#### Data below
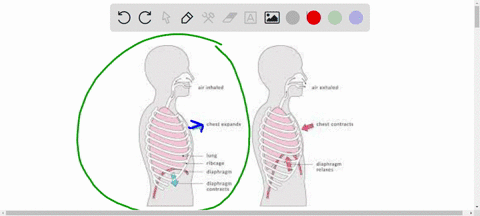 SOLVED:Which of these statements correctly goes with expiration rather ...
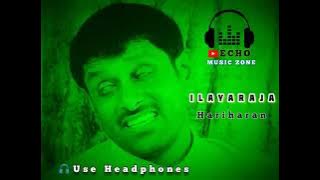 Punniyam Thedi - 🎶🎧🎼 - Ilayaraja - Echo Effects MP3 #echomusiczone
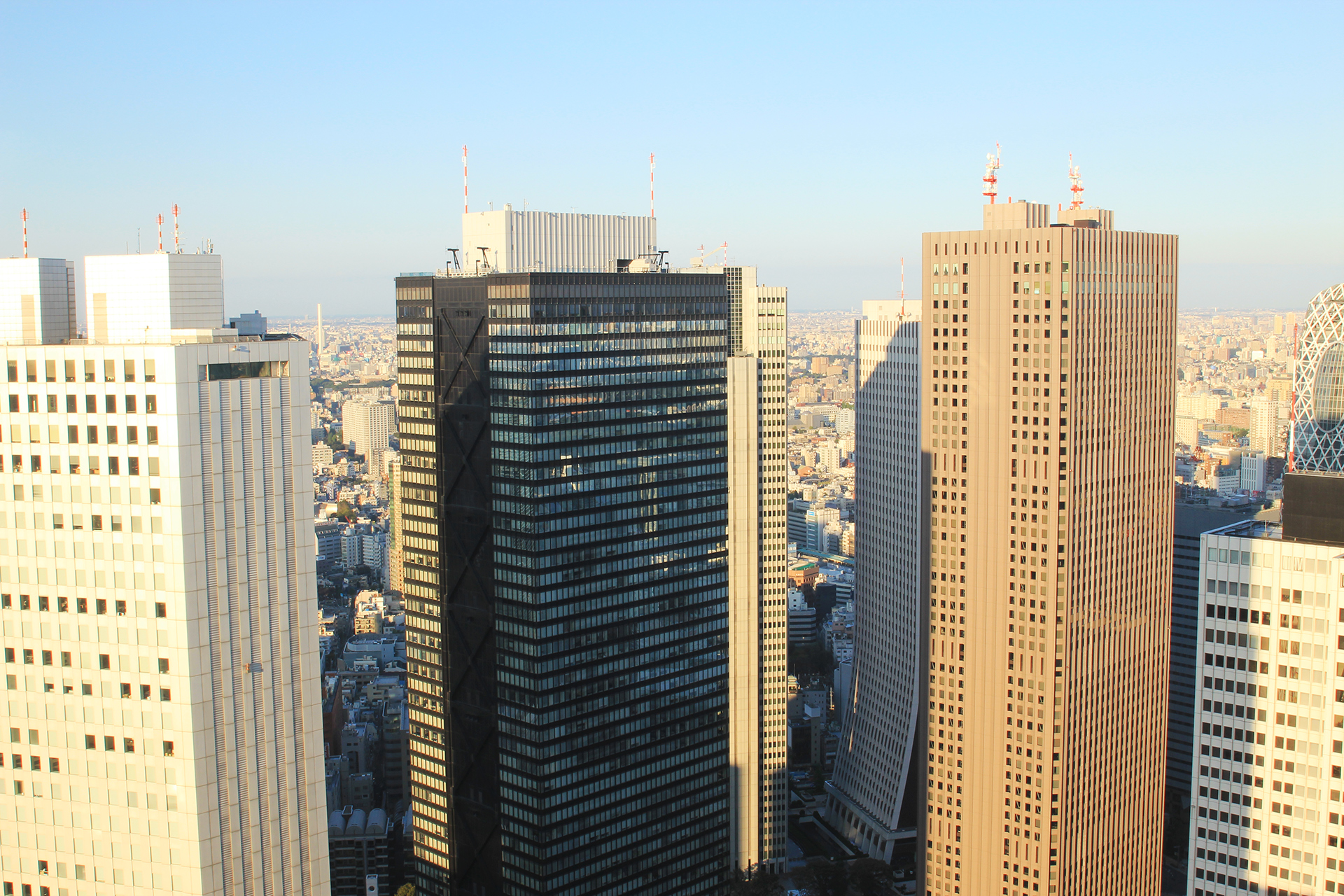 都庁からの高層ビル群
########
▶ _What this task involves_
Reproduce the full material exactly, excluding the pictures.

▶ _Written response_
 SOLVED:Which of these statements correctly goes with expiration rather ...
 Punniyam Thedi - 🎶🎧🎼 - Ilayaraja - Echo Effects MP3 #echomusiczone
 都庁からの高層ビル群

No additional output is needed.